◆ Aim of the exercise: Images should not appear in the copy, yet every line of the listing below must be printed exactly.

◆ Data excerpt:
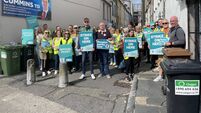 WATCH: School secretaries and caretakers protest in Waterford 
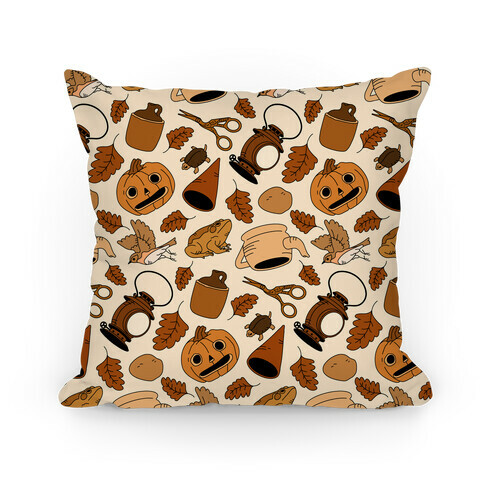 Into the Unknown Pattern Pillow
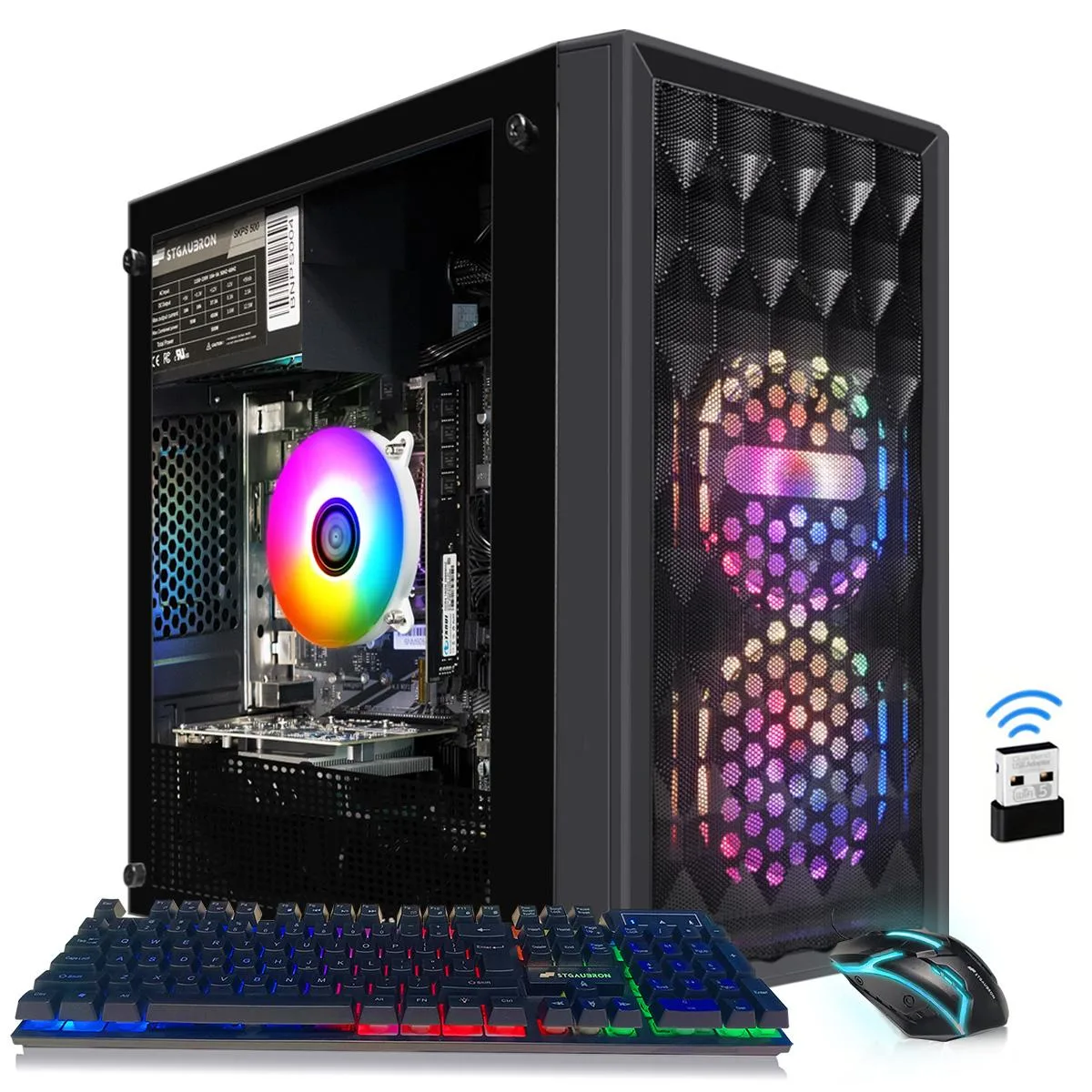 STGAubron STGAubron Desktop PC i7-8750H RX 560 4G 16GB DDR4 512GB SSD Windows 11 Home Black — product photo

◆ Output of the exercise:
 WATCH: School secretaries and caretakers protest in Waterford 
 Into the Unknown Pattern Pillow
 STGAubron STGAubron Desktop PC i7-8750H RX 560 4G 16GB DDR4 512GB SSD Windows 11 Home Black — product photo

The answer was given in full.